Taking A Morning Stroll
by Kim Galluzzo
Title
Taking A Morning Stroll
Artist
Kim Galluzzo
Medium
Photograph - Photography
Description
The wild horses of North Carolina’s Currituck Outer Banks have survived more than four centuries of hurricanes, fierce winter nor’easters, and swarms of biting insects. Graced with a strong, inner sense of self-preservation, the horses enjoy a rich and distinguished history.
The Outer Banks consist of a series of barrier islands made entirely of sand. They stretch 175 miles south from the Virginia border to Cape Lookout National Seashore. Once a hideout for pirates, the area now attracts hundreds of thousands of tourists. What has been good for the economy has taken a toll on the wild horses. Expensive vacation homes have replaced secondary dunes once covered by sea oats.

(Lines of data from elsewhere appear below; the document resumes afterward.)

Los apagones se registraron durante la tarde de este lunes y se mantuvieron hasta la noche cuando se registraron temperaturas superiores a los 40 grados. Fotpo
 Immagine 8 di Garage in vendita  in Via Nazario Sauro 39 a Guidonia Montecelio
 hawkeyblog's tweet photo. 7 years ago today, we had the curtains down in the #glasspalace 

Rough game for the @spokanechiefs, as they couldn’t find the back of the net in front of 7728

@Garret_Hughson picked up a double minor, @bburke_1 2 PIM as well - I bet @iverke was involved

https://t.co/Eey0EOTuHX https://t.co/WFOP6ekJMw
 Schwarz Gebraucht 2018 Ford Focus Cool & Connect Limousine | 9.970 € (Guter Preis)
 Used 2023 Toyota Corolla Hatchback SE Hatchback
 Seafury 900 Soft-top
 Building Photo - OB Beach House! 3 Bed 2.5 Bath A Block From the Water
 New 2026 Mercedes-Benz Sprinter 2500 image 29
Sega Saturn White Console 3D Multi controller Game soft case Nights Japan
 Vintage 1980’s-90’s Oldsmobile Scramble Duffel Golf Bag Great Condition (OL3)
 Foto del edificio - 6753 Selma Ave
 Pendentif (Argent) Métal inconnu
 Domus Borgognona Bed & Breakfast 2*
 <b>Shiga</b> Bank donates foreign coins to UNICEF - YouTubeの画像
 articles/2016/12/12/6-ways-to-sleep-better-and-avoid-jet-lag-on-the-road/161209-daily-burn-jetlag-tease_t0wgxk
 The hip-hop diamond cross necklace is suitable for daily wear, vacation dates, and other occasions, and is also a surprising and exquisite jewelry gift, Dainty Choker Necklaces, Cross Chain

Vast stretches of open land from the town of Duck to Corolla have disappeared. According to National Geographic, five to six thousand wild horses lived up and down the state’s coast as recently as 1926. Now, only about 220 remain. A herd of one hundred wild horses lives on the north beaches of Corolla, in Currituck County. The others live on Shackleford Banks—part of the Cape Lookout National Seashore—in Carteret County.
These horses descended from the fine horses of Spanish conquistadors—Colonial Spanish Mustangs brought to the New World from Spain, as well as from breeding farms in the West Indies and South America. Because Spanish exploration was approved and funded by the country’s king and queen, only the finest stallions and mares went along on those journeys. By 1500 large breeding ranches had been established to produce the best horses of that time—the horses of rulers and nobility—with a mixture of Spanish Barb, Arabian, and Andalusian blood.